NEW YORK — A yearlong investigation by the Securities and Exchange Commission has found that many pension and 401(k) consultants receive large hidden payments from the investment firms they recommend to retirement-plan clients, according to people familiar with the matter.
The SEC, in a report to be released as early as today, is expected to say that the pension and 401(k) consulting industry is beset by widespread conflicts of interest that often are not properly disclosed to clients.
Pension and 401(k) administrators rely on consultants to help them pick money managers and specific investments for the millions of workers in their plans. The consultants supposedly sift through investment strategies and track records to identify the most capable managers.
But the SEC found that many consultants don't reveal that their advice may be influenced by their extensive business ties to the investment firms, according to the sources.
For example, some consultants hold investment conferences that money managers pay large fees to attend. Consultants also sell various research, technology and data services to the investment firms.
There is nothing inherently wrong with selling services to money managers, but consultants have a fiduciary obligation to disclose conflicts that may taint their advice.
What frequently happens, critics say, is a pay-to-play arrangement in which consultants recommend money managers that buy their services rather than those with superior investment credentials.
"It's like the Wild West," said Ward Harris, managing director of McHenry Consulting, an independent retirement plan advisory firm in Emeryville, Calif., who has been critical of many industry practices. "If you get paid by the plan and at the same time you're selling consulting or software or data to the money managers, that's a conflict of interest," Harris said.
The undisclosed conflicts could saddle pension and 401(k) participants with underperforming or high-cost investments that drain their retirement nest eggs.
"There are a lot of losers," Harris said. "The No. 1 loser is the participant in the plan.
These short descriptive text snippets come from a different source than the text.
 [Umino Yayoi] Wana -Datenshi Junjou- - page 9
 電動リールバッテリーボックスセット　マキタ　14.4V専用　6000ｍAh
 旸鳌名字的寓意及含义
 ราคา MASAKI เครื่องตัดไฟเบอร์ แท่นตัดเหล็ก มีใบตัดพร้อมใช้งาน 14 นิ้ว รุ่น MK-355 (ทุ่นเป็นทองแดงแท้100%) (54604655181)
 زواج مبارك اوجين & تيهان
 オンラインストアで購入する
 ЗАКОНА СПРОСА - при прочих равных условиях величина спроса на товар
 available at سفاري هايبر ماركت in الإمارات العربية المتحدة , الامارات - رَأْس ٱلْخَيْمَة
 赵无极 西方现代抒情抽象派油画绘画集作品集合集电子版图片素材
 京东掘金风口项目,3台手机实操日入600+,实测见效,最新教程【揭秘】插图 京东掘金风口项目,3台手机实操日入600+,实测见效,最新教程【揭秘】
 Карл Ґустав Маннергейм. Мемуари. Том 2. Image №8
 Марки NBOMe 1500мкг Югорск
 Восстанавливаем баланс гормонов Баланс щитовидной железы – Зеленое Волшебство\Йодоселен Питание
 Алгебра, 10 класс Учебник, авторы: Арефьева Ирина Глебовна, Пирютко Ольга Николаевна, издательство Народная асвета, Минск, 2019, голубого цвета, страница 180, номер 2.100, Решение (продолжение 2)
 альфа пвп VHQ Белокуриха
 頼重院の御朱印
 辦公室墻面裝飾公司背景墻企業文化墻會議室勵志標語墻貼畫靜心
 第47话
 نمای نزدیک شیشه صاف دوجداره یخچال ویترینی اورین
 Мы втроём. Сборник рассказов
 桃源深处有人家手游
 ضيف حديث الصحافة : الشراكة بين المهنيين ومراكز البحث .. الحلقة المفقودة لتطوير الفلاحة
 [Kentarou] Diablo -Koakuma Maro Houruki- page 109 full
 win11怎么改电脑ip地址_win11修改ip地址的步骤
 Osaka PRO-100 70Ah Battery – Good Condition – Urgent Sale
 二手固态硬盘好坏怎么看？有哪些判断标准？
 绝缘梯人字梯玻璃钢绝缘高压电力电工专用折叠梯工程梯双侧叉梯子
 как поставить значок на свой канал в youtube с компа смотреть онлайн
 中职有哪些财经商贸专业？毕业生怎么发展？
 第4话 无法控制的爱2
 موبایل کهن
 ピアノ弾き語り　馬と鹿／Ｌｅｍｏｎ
The No. 2 loser is the taxpayer because we're subsidizing this."
Investment firms are eager to manage money for pensions and 401(k)s because such work can be extremely lucrative. It's a stable business that generates increasing profits as assets grow.
In some cases, according to critics, money managers have little use for the consultants' services and buy them solely to curry favor.
Selling services to money managers can often be more profitable than advising retirement plans, Harris said.
The SEC could potentially recommend rule changes to correct problems in the industry, such as requiring greater disclosure of relationships between pension advisors and investment managers.